▶ Activity:
Please repeat the whole listing exactly, but leave the pictures out.

▶ Available data:
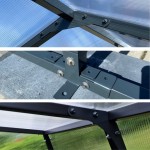 Premium poliwęglan 210x204 Aluminiowa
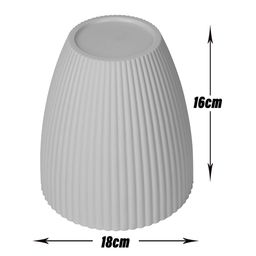 Kuber Industries Pack of 5 Flower Planter Pots for Garden & Balcony image 5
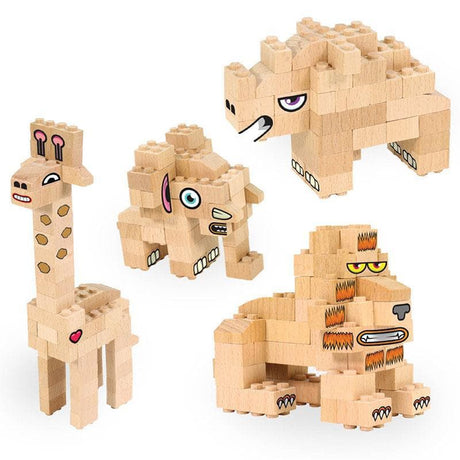 Safari Blocks-Building Toys-My Happy Helpers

▶ Response to the exercise:
 Premium poliwęglan 210x204 Aluminiowa
 Kuber Industries Pack of 5 Flower Planter Pots for Garden & Balcony image 5
 Safari Blocks-Building Toys-My Happy Helpers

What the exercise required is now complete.